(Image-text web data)
################

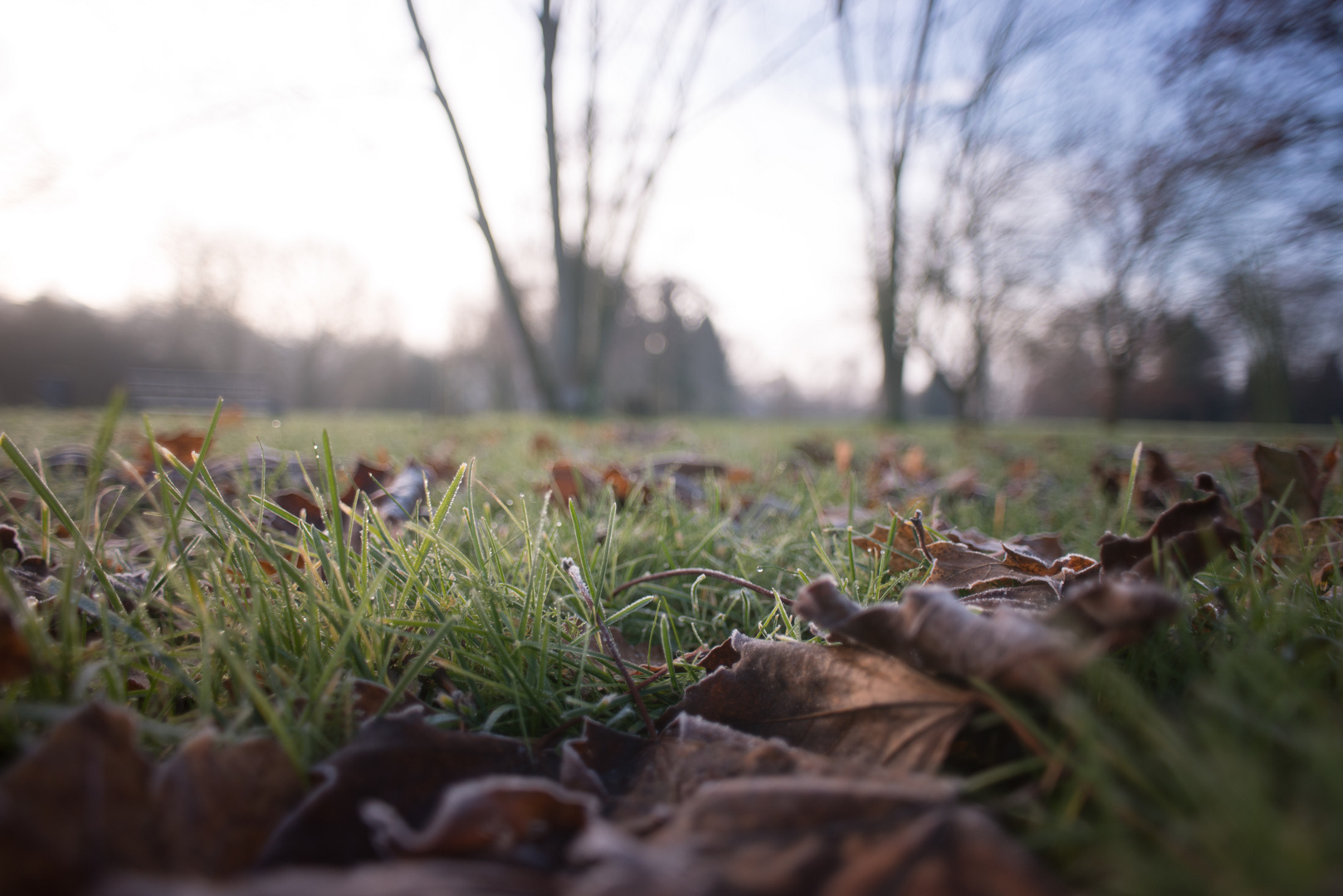 Bad Vilbel Burgpark Wintermorgen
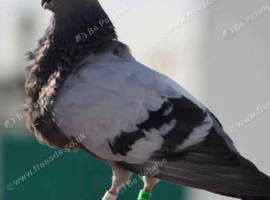 Spanish putter pigeon for sale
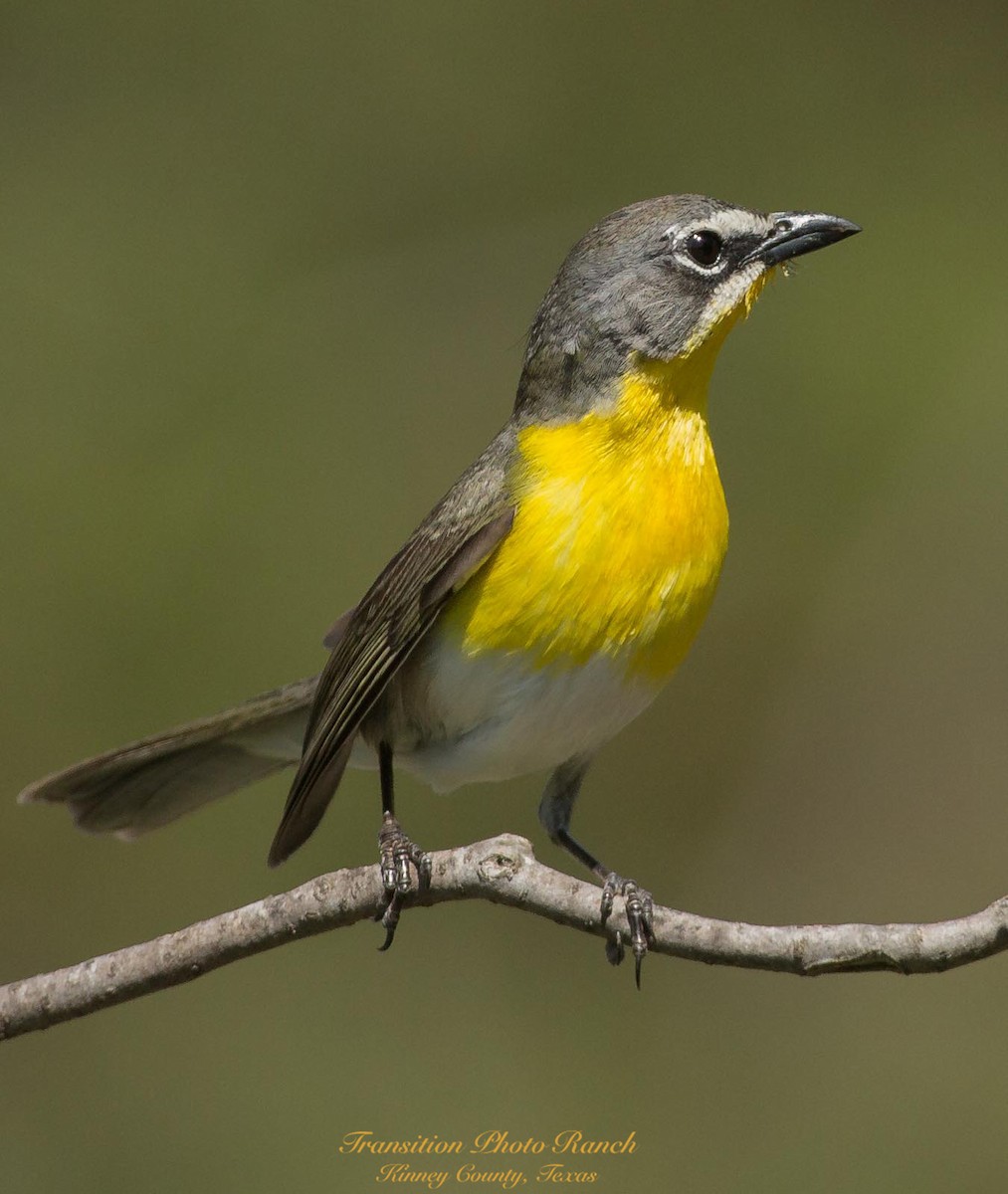 Yellow-breasted Chat - ML332168351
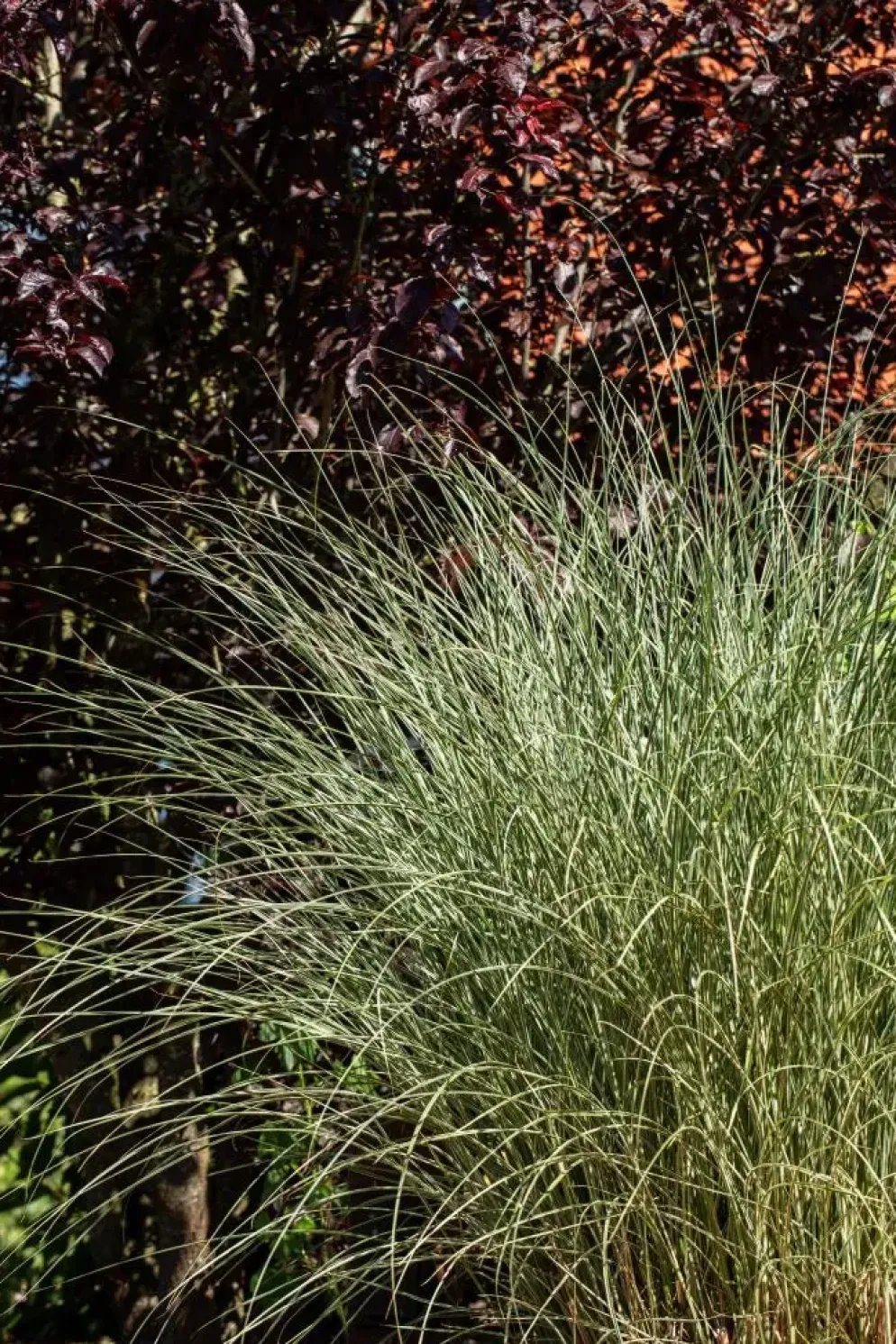 Miscanthus sinensis 'Morning Light' (Prachtriet 'Morning Light')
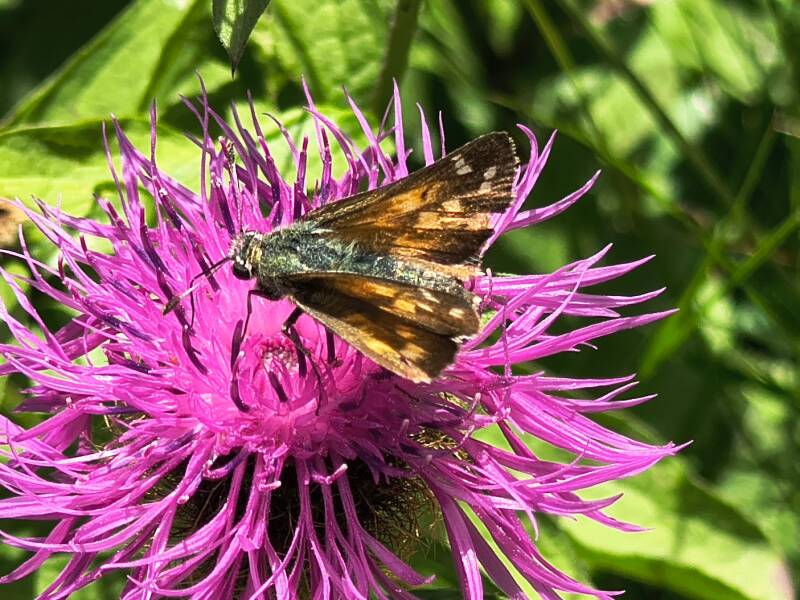 Kommavlinder - Hesperia comma
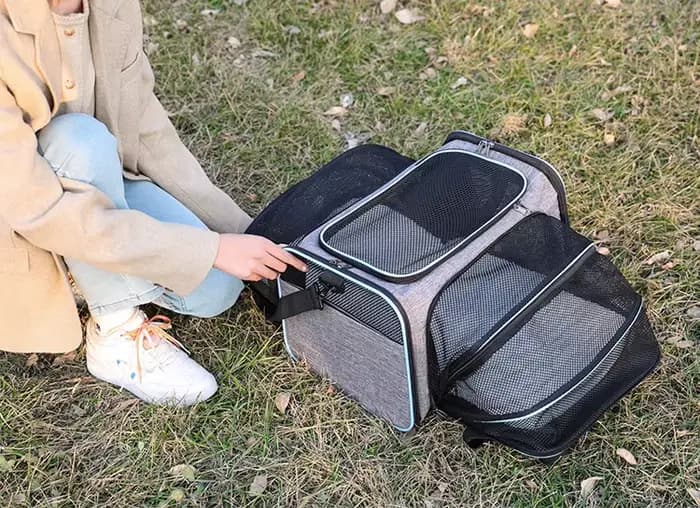 Sac de transport pour animaux de compagnie pliable petit chien Charter transportant chat sac d'exten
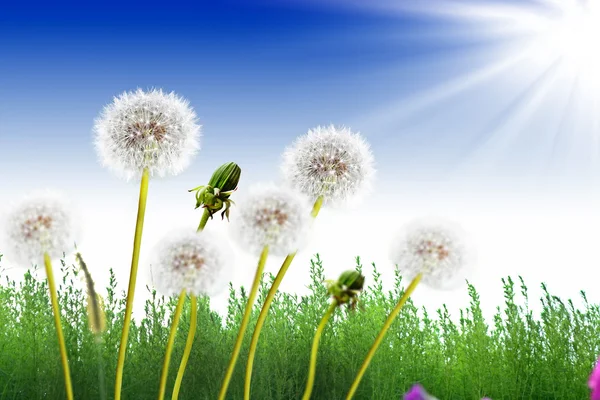 Fluffy dandelion flower against the background of the summer lan — Stock Photo, Image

################

THE PROBLEM:
Repeat, without pictures, exactly the lines of the data above from the one containing "Spanish putter pigeon for sale" through the one containing "Sac de transport", including both and adding nothing.

RESPONSE FOR THIS EXERCISE:
 Spanish putter pigeon for sale
 Yellow-breasted Chat - ML332168351
 Miscanthus sinensis 'Morning Light' (Prachtriet 'Morning Light')
 Kommavlinder - Hesperia comma
 Sac de transport pour animaux de compagnie pliable petit chien Charter transportant chat sac d'exten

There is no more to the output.